You all know the stories about how “primitive peoples” sold their land to “civilized men” for peanuts, because they didn’t believe land could be owned. Or, maybe, it’s just that the original, hunter-gatherer idea of what makes land “yours” was – is – different. We don’t claim a title to an area by handing over some pieces of paper and writing words on others. You make land yours by learning it, by knowing where the streams run and where bears come out of their dens in spring, where wild berries grow and where elk bugle. In this way, a hunter who travels may be richer than the biggest landowner in the country – provided the landowner never goes beyond the office and the proscribed putting-on-the-Ritz routes.

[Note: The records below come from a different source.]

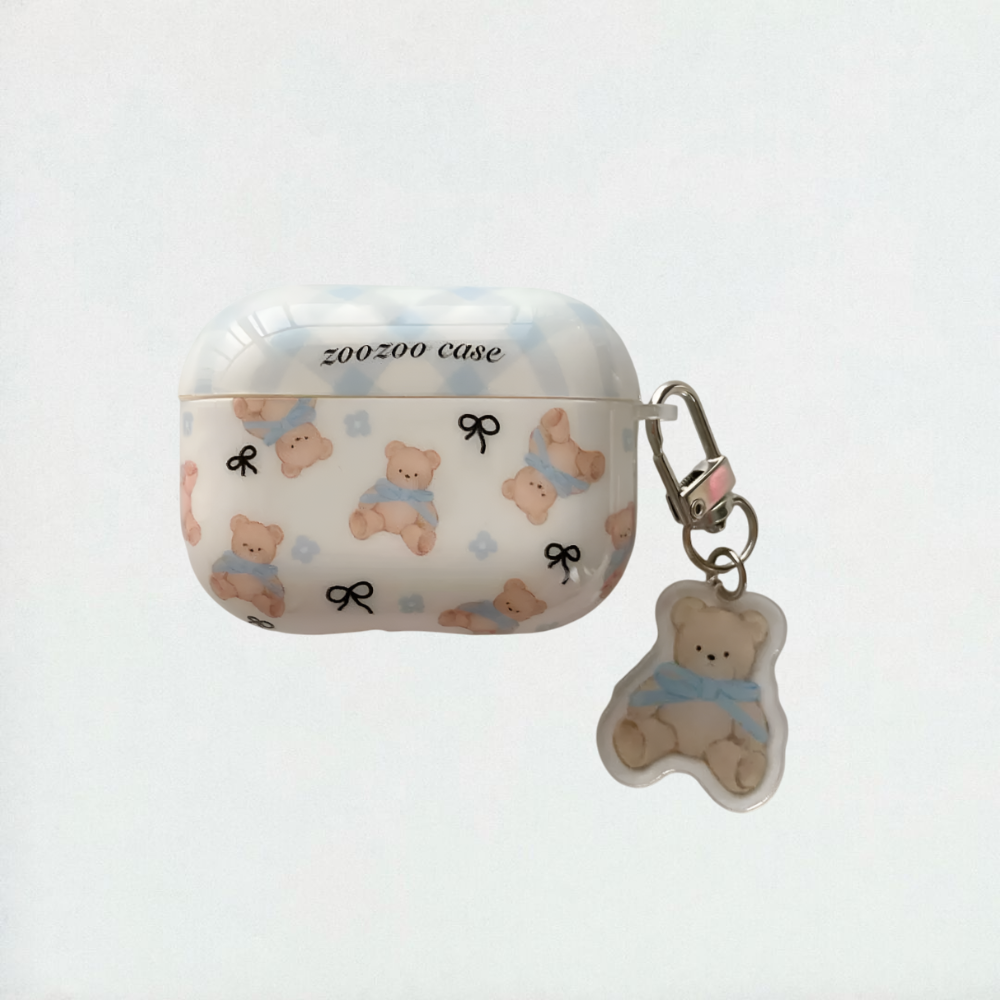 Cute Bears & Bows AirPods Case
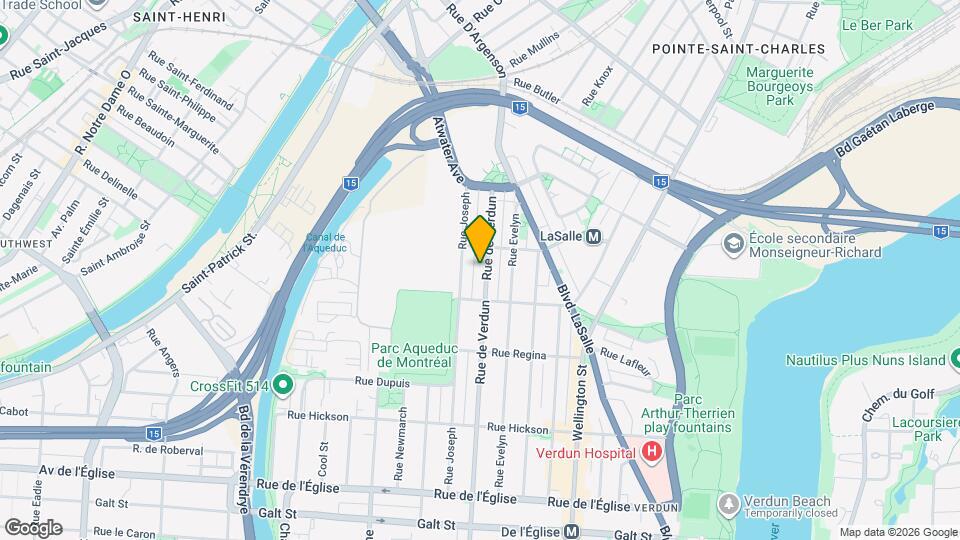 3397 De Verdun Rue Map and Location Details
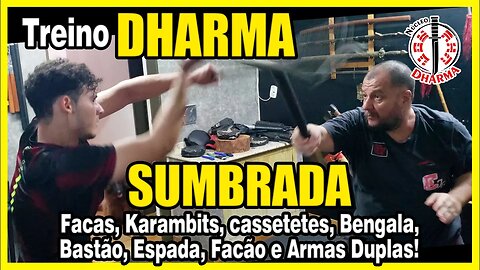 Treino com armas! KALI SUMBRADA!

There’s an apparent contradiction between the drive to explore and the desire to own – if you want to know the land, you must stay there for a while familiarizing yourself with its intricacies. But, like with many either-or questions, the correct answer is “both-and”. You don’t have to select just one option and stick to it till death doth you part. You can take turns.

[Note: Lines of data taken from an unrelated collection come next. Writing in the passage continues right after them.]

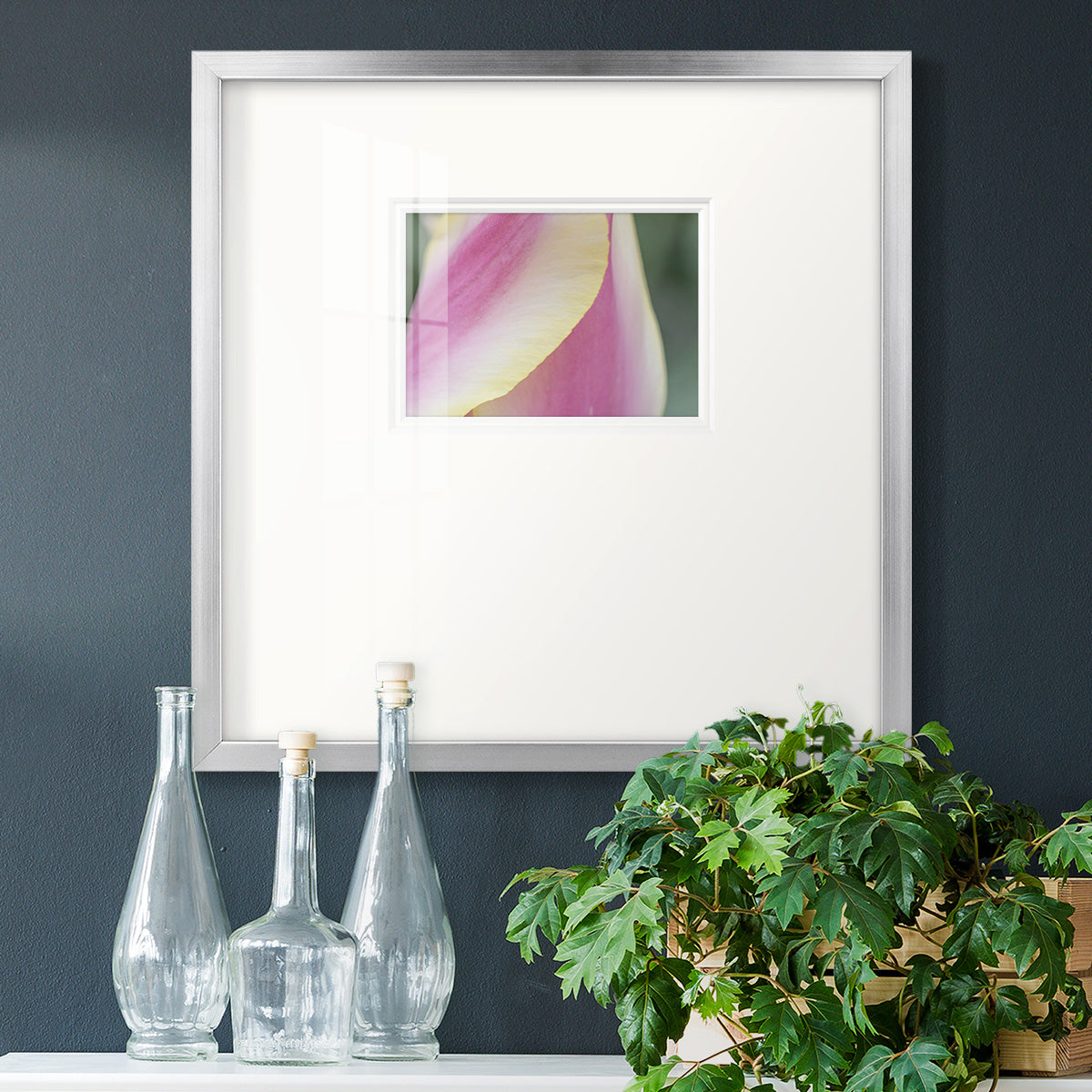 Delicate Premium Framed Print Double Matboard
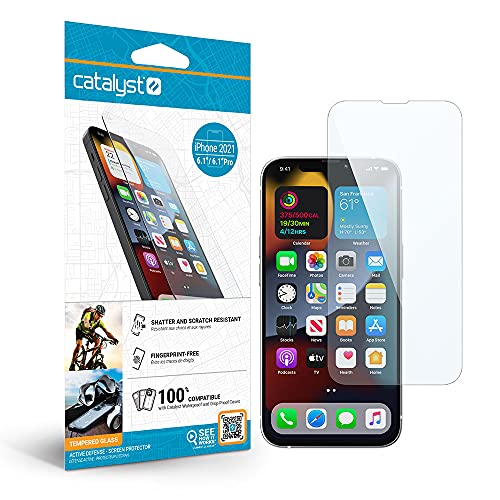 Catalyst Tempered Glass Full Coverage Screen Protector for iPhone 13 Pro Max, Case-Friendly, Compatible with Catalyst Case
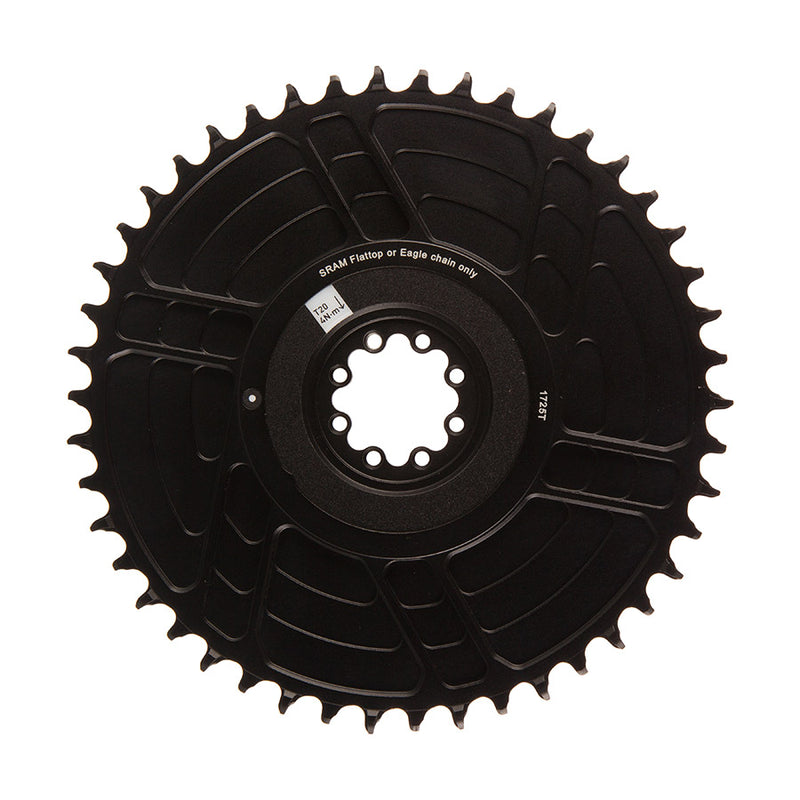 Load image into Gallery viewer, SRAM RED Aero X-Sync Direct Mount Chainring - 46t, 12-Speed, 8-Bolt Direct Mount, 6.5mm Offet, Black, E1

See the small game opener at the family farm, slap all the old hands, hear the regular campfire stories. Then quench your explorer’s thirst and go to Romania for a driven boar hunt, to Texas for snow geese, Kamchatka for moose, Africa – for whatever. As long as you can afford it, and as long as you feel the urge to see what’s there beyond the horizon – go for it! This is a land investment that will return the dividend of memories as long as you live, and you can’t lose this investment no matter how many people you share it with, the same way as the backyard where you used to play when you were 5 is still yours, even though the house may have been sold years ago. Explore the bottom of the Danube, the rice fields and sun-baked veldt, make yours those geysers.
Then move on.
Perhaps, to revisit the old half-forgotten hunting grounds, perhaps to a still newer environment. We are sophisticated beings, with room for a little of everything inside – that’s why being us can be so much fun. Especially when you feed our primal desires and travel to a new place to hunt.